(Short web captions)

BEGIN

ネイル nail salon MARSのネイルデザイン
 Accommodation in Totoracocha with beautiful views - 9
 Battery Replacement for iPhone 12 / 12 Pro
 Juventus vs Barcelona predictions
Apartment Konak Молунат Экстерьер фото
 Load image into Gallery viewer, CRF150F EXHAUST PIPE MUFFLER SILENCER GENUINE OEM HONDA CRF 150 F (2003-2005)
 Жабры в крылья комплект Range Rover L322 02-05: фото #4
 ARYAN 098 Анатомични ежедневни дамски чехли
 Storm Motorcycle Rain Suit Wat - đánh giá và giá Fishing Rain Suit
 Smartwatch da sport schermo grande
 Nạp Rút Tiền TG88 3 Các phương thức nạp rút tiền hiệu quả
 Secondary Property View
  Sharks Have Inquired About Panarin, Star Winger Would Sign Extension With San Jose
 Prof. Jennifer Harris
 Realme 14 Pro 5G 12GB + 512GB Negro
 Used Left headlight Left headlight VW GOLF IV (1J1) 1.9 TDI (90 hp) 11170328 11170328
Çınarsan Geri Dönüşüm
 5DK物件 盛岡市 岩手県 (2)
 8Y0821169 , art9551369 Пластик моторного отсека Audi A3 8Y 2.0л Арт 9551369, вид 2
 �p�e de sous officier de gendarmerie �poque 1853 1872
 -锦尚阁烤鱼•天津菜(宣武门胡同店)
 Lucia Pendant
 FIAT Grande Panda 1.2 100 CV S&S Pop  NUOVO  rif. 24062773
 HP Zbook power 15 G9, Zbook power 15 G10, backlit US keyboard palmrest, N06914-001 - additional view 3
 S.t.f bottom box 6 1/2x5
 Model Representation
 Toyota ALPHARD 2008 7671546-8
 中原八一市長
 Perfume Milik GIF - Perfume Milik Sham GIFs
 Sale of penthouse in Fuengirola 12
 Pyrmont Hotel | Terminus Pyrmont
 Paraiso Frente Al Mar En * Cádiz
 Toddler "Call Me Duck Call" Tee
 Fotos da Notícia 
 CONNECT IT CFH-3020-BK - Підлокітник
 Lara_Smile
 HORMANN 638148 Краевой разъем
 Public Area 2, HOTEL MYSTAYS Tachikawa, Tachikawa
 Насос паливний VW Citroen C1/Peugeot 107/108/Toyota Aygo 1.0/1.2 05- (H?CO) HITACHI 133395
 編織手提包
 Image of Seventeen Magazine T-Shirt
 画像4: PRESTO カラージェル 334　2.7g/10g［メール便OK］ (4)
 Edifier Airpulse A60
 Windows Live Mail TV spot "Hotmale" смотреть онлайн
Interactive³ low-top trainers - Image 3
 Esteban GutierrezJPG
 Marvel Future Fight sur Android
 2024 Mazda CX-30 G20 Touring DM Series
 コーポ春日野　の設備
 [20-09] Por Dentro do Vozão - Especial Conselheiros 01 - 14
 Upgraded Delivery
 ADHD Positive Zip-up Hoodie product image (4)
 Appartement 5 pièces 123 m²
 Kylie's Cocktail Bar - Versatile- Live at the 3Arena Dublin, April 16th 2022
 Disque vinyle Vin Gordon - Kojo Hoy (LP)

END

* [About this task]: Nothing but the lines from the one containing "Sale of penthouse in Fuengirola 12" through the last line of the data above should be set down, word for word.

* [Completed task]:
 Sale of penthouse in Fuengirola 12
 Pyrmont Hotel | Terminus Pyrmont
 Paraiso Frente Al Mar En * Cádiz
 Toddler "Call Me Duck Call" Tee
 Fotos da Notícia 
 CONNECT IT CFH-3020-BK - Підлокітник
 Lara_Smile
 HORMANN 638148 Краевой разъем
 Public Area 2, HOTEL MYSTAYS Tachikawa, Tachikawa
 Насос паливний VW Citroen C1/Peugeot 107/108/Toyota Aygo 1.0/1.2 05- (H?CO) HITACHI 133395
 編織手提包
 Image of Seventeen Magazine T-Shirt
 画像4: PRESTO カラージェル 334　2.7g/10g［メール便OK］ (4)
 Edifier Airpulse A60
 Windows Live Mail TV spot "Hotmale" смотреть онлайн
Interactive³ low-top trainers - Image 3
 Esteban GutierrezJPG
 Marvel Future Fight sur Android
 2024 Mazda CX-30 G20 Touring DM Series
 コーポ春日野　の設備
 [20-09] Por Dentro do Vozão - Especial Conselheiros 01 - 14
 Upgraded Delivery
 ADHD Positive Zip-up Hoodie product image (4)
 Appartement 5 pièces 123 m²
 Kylie's Cocktail Bar - Versatile- Live at the 3Arena Dublin, April 16th 2022
 Disque vinyle Vin Gordon - Kojo Hoy (LP)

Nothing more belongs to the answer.